Hace algunas semanas, leí un escrito de Jorge Ramírez, de México, D.F. a un diario de circulación nacional, quien denunciaba un problema con los seguros de autos. El 24 de junio su madre tuvo un percance automovilístico con un microbús; al llegar el ajustador de seguros, de nombre Eduardo Borrega, no le dio el apoyo que debía, ya que inmediatamente le dijo que ella tenía la culpa y se supone que el seguro, por el cual ella paga una póliza, debe darle el apoyo incondicional.

La palabra ajustador viene del término «justo». Su actuación, por lo tanto, debe ser totalmente profesional e imparcial. Su papel es verificar la ocurrencia del siniestro, determinar la causa del mismo (en el caso del seguro de automóviles, quién tuvo la responsabilidad) y valorar el daño causado, con el fin de determinar el monto de indemnización que sea «justo» tanto para la compañía de seguros, como para el asegurado. Pero también, cuando existe un tercero, el ajustador de seguros debe asesorar a su cliente en el manejo de la reclamación.

Lamentablemente Jorge no menciona cómo se dio el accidente, y desconozco si su madre tuvo la responsabilidad en el mismo o no. Si verdaderamente la tuvo, el ajustador no necesariamente actuó mal – su papel no es defender incondicionalmente al cliente, aunque no tenga razón. Sin embargo, por lo que comenta, es posible que haya ocurrido lo contrario: que el ajustador haya buscado lavarse las manos.

En países como Estados Unidos, la gente valora mucho a las compañías de seguros. El aprecio es tal, que a veces se dice que cuando a alguien se le está quemando su casa, primero llama a la compañía de seguros y luego a los bomberos. Pero es un país donde existe seguridad y certeza jurídica. En ese entorno, si alguien (una compañía o un ajustador) intenta actuar de manera dolosa, puede ser sujeto de un proceso judicial.

Sin embargo, en América Latina, incluyendo México, por lo general no contamos con esta certeza jurídica. Al contrario: cuando hay que acudir al Ministerio Público para que un perito determine la responsabilidad, por lo general el fallo es: “no se puede determinar” o “hay corresponsabilidad al ser un golpe lateral”.

La verdad es que muchos ajustadores y compañías de seguros de autos se han aprovechado de esta debilidad – y corrupción – por parte de las autoridades. Cuando ambos conductores tienen seguro (hay dos compañías involucradas), lo mejor para ambas es que la autoridad no pueda declarar a ninguno responsable. De esta forma ambos conductores tienen que quedarse con su golpe, y pagar su deducible. Es muy penoso ver cómo ciertos ajustadores buscan, o convencer al cliente de que mejor no pierda tiempo en el MP y que acepte su propia culpa ya que será “difícil” que los peritos determinen quién fue el responsable. Pero lo peor es que cuando el cliente decide ir de todas formas al MP, convencido de la forma como ocurrió el siniestro, los propios ajustadores tratan de ejercer presión para que ninguno de ellos lo sea.

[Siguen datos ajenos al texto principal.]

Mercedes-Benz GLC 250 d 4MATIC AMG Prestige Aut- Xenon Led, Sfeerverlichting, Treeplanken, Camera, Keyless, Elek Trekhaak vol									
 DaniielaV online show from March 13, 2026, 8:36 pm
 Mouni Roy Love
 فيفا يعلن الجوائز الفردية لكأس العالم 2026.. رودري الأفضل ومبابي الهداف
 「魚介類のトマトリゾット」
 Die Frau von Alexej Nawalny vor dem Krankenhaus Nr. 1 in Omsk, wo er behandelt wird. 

El papel de la autoridad, bueno, de dar pena, pero sobre todo, mucho coraje.

¿Por qué en México las compañías que operan seguros de autos actúan así? Pues bien, aunque no queramos creerlo, los seguros de autos están sujeto a una competencia feroz. Es un negocio de volumen, con márgenes muy reducidos: tanto, que el control de la siniestralidad se convierte vital. Si ésta se desvía de lo planeado, aunque sea un poco, esa compañía muy seguramente tendrá pérdidas. Al haber una competencia tan alta, y una demanda muy sensible al precio, subir las primas no es una opción: la diferencia entre ganar o perder en este negocio es quién maneja mejor su siniestralidad como compañía.

Afortunadamente, el mercado también ha evolucionado. La Asociación Mexicana de Instituciones de Seguros ha estado trabajando en incluir en las pólizas una guía sencilla para poder determinar quién es responsable, según el tipo de golpe (cómo y dónde fue), en coordinación con las autoridades. A esto se le denomina “Matriz de Responsabilidades” y formará en un futuro parte integrante de la póliza de seguros de autos en muchas Compañías. Esto, por lo menos, dará un poco más de certeza a los asegurados.

Además, en el Distrito Federal, se ha cambiado recientemente la autoridad responsable de ver estos casos: si no hay lesionados, no habrá necesidad de acudir al Ministerio Público para dirimir el caso, sino que será a través de un Juez de Paz. Ojalá esto ayude: está por verse.

¿Has tenido algunas experiencias con seguros de autos que nos quieras contar?